The first step to make an old photo presentable
I’ve often thought that Nova Scotia in the old days must have been rather poor since it couldn’t seem to afford many names for the females. I can’t keep the generations in my family straight for all the Anns and Margarets. By all accounts, Trudie Ann was someone everybody liked, and I think this snapshot shows her as someone who had a good time and didn’t take herself too seriously. Studio portraits take a lot of effort to convey true character—a formal sitting, while lovely to have, is usually more staged than intimate— which makes a rare shot like this one worth taking the time to restore.
Since Camera Raw is so easy to use for basic edits, I like to start there.

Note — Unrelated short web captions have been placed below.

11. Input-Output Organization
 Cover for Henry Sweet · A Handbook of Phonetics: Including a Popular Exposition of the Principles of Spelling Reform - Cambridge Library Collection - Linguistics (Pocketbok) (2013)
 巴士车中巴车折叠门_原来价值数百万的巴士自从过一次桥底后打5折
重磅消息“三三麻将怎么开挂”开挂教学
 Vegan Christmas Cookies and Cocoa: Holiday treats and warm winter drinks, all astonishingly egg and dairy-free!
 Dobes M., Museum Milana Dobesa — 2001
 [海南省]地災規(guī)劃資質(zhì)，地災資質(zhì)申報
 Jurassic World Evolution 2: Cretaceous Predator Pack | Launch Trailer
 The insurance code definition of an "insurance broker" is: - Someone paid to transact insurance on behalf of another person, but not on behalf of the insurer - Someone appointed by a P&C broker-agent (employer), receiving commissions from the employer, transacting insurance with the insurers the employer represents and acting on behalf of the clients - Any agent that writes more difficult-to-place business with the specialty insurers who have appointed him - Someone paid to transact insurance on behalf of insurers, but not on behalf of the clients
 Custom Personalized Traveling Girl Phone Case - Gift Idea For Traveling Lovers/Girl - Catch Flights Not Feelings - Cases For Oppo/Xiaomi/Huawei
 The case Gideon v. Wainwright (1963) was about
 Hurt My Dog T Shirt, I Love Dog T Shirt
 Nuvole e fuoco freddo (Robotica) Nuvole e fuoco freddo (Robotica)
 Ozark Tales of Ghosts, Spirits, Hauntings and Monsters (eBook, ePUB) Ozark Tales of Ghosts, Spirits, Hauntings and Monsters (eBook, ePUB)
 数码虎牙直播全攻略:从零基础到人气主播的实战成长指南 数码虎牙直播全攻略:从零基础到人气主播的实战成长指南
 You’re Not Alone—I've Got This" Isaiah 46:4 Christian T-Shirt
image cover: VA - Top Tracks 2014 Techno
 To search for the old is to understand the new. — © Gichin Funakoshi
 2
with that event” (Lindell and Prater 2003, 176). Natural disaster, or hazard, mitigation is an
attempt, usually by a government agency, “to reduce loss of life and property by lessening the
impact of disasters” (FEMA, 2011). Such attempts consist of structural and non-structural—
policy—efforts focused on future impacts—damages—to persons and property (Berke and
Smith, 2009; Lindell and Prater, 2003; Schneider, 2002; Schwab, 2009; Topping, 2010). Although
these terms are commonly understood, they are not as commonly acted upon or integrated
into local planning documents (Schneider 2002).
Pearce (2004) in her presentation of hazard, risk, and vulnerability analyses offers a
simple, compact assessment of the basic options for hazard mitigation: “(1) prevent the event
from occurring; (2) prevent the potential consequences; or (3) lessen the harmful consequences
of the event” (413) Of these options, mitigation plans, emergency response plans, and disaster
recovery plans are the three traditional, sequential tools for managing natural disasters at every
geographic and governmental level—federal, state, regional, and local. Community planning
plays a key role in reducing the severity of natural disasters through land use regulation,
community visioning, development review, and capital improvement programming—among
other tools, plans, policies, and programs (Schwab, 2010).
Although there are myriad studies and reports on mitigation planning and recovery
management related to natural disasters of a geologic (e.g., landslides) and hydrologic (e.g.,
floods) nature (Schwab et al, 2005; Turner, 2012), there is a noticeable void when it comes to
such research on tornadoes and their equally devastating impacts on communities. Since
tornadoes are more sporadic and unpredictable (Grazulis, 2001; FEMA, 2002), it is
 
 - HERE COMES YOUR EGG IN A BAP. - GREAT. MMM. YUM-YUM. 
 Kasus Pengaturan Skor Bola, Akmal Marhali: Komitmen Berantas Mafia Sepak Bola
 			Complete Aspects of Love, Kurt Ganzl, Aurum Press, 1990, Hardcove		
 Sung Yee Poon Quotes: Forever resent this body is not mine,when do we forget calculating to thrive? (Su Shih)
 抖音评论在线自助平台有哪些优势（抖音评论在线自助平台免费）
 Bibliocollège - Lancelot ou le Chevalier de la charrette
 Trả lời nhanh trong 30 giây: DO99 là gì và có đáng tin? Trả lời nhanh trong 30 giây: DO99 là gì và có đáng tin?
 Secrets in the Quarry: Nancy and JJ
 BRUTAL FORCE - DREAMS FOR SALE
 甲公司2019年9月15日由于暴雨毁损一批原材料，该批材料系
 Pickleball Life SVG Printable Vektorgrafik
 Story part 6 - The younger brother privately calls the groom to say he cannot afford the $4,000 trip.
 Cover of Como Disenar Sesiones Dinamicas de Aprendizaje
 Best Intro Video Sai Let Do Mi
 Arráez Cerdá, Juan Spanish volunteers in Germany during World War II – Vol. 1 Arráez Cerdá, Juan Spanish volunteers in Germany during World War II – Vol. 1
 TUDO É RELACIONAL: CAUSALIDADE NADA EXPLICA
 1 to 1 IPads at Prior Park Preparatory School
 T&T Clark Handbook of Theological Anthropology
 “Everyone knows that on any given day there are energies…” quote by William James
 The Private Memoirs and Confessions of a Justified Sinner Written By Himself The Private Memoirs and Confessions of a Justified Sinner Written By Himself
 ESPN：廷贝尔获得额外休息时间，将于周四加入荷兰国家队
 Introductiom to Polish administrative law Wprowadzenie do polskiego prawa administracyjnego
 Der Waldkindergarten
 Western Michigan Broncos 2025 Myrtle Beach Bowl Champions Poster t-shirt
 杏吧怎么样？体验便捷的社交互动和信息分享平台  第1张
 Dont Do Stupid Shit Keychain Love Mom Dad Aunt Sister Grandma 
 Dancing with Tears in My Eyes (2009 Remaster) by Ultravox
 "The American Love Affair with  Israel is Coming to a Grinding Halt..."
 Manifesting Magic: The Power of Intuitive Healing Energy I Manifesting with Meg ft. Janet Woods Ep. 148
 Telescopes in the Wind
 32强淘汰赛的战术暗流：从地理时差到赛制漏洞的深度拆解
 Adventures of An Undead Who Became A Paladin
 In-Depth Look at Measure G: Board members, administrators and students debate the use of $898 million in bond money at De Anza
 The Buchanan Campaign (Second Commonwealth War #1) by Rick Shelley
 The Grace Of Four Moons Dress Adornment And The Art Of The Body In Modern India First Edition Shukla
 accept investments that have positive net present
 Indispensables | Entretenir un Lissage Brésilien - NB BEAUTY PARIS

If my photo is already a PSD, as this one is, I can use Photoshop CC which has the Camera Raw filter built in, allowing it to run as a Smart Object filter on any image layer inside Photoshop. You can’t use the Crop, Straighten, or Rotate tools, but you do have access to almost all other features, and of course, you can non-destructively crop within Photoshop proper.
If you’re still on Photoshop CS6 or earlier, there is no Camera Raw Filter. You can, however, open your JPEG or TIFF scan in Camera Raw, then open it as a Smart Object in Photoshop. And if you prefer to start in Lightroom, you have the same features that are in Camera Raw, and can later use Photoshop layers to help you finish your project.
If you have Photoshop Elements, choose your JPEG or TIFF in the Open Dialog, then select Camera Raw from the Format list at the bottom. PSE has a limited set of features in Camera Raw compared to Photoshop or Lightroom. However, you do get that all-important Basic tab that deals with color and tonality.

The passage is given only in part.